March 7, 2011
NOT FASCIST, BUT NAZI:
Le Pen Is Mightier: Why, just four years after its supposed demise, does France’s National Front have its highest poll ratings ever? (CHRISTOPHER CALDWELL, 3/14/11, Weekly Standard)
France needs to reexamine its membership in the European Union (which has robbed great nations of their sovereignty and saddled them with an unworkable currency) and in NATO (which has subordinated the country’s foreign policy interests to those of the United States), and it should not make a dogma of free trade. “This identity-killing globalization,” she said at Tours, “has turned into an economic horror, a social tsunami, a moral Chernobyl.” Then she led into more familiar FN themes—the International Monetary Fund, the “demographic submersion” of France, self-appointed elites, and the need for French citizens to “pick up the flag.” Ms. Le Pen is a candidate in next year’s presidential election, and a poll released in October showed her hovering at a stunning 19 percent in the polls, which put her just a couple of points behind Sarkozy and Socialist hopeful Martine Aubry, the mayor of Lille. (Dominique Strauss-Kahn, president of the IMF and a former Socialist finance minister, was at 30 percent, but he has not yet decided whether to run.) French newspapers warn that a repeat of 2002 is possible, with the FN knocking one of the major parties out of the running.What went wrong with Sarkozy?
It is not immediately obvious why Sarkozy, who promised a wide-ranging program of reform, should be endangered by an antiestablishment candidate.
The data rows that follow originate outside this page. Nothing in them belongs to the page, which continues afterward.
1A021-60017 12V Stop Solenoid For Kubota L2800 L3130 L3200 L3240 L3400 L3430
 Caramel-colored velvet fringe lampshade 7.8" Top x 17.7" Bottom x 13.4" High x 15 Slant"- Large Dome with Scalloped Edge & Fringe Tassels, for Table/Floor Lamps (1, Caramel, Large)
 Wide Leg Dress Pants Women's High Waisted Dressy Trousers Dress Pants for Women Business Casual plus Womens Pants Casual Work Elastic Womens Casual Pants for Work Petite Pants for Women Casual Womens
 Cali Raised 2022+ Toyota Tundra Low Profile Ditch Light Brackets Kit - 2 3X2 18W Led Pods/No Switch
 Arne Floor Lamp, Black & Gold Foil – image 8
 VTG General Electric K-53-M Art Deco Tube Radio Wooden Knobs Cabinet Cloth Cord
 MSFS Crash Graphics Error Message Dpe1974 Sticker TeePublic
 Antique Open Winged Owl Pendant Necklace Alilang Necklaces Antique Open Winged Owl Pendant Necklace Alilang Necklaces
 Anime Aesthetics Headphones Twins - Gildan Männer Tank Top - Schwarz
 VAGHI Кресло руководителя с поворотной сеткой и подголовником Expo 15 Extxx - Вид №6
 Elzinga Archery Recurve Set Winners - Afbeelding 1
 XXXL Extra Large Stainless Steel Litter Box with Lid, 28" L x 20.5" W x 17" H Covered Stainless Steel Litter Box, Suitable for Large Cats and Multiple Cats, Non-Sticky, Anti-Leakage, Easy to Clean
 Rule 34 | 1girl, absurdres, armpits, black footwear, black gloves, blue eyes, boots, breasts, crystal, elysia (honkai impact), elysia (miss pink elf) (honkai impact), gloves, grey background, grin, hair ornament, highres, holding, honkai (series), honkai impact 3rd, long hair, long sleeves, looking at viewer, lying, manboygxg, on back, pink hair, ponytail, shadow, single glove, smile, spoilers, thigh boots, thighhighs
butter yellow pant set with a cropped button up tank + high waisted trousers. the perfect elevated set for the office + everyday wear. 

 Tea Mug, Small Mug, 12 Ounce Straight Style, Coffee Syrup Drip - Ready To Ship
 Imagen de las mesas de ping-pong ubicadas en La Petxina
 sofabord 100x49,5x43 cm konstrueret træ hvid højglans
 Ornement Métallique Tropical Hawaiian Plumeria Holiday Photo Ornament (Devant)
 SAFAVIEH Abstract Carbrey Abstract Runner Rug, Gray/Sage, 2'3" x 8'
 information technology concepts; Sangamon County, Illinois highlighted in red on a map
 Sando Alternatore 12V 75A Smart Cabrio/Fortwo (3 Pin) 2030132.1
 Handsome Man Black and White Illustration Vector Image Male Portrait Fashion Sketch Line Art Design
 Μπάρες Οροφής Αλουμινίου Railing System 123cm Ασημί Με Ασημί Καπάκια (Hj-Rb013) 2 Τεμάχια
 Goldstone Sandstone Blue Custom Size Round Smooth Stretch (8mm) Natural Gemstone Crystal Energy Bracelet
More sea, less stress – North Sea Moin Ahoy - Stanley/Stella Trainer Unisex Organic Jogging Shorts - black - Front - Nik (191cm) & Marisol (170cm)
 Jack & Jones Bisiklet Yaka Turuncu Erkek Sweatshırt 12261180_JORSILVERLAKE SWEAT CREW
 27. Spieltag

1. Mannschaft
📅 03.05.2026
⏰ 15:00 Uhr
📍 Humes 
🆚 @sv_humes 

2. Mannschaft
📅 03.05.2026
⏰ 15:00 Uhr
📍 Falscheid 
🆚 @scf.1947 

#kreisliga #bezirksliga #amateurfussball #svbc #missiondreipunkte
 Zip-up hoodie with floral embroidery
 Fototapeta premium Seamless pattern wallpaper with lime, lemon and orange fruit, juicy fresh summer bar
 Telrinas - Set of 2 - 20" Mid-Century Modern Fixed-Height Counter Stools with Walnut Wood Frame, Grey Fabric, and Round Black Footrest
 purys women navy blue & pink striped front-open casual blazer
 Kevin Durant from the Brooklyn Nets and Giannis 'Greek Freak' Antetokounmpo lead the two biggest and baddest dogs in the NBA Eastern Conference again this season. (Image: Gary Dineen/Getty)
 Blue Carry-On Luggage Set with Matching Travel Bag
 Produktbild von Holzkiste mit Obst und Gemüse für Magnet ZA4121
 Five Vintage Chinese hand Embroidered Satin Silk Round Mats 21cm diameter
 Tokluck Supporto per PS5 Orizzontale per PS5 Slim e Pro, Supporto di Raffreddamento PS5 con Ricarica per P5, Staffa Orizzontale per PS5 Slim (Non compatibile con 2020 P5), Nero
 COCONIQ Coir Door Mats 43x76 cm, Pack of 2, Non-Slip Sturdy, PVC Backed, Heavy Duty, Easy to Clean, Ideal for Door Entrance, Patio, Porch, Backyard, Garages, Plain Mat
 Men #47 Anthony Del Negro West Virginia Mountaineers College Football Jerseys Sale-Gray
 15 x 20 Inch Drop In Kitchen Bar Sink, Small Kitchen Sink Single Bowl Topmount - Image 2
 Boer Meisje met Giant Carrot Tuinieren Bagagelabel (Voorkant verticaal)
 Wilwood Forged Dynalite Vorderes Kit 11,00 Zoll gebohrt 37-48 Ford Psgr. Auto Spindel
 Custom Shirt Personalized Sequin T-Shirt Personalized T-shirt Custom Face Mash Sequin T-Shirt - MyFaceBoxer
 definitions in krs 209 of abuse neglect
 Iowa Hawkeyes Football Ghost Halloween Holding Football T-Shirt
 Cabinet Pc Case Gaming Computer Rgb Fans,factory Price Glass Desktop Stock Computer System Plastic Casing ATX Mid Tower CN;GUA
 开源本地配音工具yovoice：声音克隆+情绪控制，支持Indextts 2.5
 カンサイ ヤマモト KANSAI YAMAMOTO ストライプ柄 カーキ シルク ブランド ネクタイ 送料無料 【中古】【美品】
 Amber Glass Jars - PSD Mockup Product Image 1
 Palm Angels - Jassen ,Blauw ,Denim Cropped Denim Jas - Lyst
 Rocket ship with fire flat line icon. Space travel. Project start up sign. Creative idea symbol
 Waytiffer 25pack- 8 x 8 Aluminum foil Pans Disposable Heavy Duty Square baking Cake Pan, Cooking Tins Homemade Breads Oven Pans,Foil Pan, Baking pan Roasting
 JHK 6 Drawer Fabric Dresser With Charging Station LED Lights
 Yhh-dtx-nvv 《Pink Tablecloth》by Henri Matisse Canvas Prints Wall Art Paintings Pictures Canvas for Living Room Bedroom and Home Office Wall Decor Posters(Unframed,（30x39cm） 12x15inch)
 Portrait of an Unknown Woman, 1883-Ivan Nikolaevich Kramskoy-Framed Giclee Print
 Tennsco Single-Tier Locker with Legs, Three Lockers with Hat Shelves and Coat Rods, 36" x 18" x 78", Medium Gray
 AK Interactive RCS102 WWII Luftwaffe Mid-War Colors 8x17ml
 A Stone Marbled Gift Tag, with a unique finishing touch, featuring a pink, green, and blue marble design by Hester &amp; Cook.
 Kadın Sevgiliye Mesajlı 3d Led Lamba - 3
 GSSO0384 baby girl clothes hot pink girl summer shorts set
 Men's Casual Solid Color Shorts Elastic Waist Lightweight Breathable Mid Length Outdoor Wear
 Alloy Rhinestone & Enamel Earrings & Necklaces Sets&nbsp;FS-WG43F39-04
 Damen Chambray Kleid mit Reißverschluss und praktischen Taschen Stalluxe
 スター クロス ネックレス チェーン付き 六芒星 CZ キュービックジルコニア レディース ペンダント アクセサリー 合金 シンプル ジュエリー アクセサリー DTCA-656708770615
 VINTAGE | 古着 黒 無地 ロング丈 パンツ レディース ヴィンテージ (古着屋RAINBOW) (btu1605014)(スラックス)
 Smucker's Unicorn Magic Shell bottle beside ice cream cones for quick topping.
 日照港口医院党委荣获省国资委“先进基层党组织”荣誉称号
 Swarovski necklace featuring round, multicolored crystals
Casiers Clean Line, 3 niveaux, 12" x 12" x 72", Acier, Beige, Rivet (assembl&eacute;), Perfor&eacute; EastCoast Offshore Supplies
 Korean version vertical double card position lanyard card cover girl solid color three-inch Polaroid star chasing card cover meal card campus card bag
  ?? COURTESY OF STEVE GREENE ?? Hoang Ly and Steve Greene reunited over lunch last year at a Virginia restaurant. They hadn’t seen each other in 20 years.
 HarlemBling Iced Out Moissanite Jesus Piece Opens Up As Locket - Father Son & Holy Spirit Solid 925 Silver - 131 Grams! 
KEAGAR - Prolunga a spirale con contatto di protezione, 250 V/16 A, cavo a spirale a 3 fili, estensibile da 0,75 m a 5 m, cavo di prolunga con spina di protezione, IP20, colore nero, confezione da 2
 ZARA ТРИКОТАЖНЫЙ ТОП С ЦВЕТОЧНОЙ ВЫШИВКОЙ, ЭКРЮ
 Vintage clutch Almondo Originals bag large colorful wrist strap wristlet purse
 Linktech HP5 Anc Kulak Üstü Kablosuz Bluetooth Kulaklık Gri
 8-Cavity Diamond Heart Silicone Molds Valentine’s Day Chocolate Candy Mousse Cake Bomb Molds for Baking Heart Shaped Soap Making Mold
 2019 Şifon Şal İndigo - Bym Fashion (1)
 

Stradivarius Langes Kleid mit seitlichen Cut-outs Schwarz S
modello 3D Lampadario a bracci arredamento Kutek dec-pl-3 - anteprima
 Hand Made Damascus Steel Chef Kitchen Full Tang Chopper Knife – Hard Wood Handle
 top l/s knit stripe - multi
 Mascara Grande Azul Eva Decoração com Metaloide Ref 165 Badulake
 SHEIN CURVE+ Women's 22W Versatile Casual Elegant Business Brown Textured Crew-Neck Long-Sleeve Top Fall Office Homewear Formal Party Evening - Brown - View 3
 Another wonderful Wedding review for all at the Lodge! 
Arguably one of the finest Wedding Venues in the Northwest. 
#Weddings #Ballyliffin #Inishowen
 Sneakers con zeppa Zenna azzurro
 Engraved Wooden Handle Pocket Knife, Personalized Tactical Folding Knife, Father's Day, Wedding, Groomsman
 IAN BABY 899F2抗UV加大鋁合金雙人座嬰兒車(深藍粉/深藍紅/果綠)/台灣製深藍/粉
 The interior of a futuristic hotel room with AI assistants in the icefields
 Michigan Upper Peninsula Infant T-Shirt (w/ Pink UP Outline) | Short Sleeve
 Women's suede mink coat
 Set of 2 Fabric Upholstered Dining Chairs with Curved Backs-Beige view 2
After all, he has delivered reforms. He toughened criminal penalties for repeat offenders. He fixed France’s labor laws to make it harder for public employee unions to bring the country to a grinding halt with strikes. In the face of massive protests, he stuck to his guns and pushed through a new law that will significantly raise French retirement ages. And he has broadened the so-called “fiscal shield,” a government guarantee to taxpayers that no one will pay the state more than half of what he earns. He brought France back into full membership in NATO, four decades after Charles de Gaulle withdrew from the Western alliance.
Sarkozy nonetheless finds himself in a bad political position, from which his formidable skills as a campaigner may be insufficient to extricate him.
Nonetheless? What made him think an aging French population either wanted to work or to take on responsibilities beyond their borders?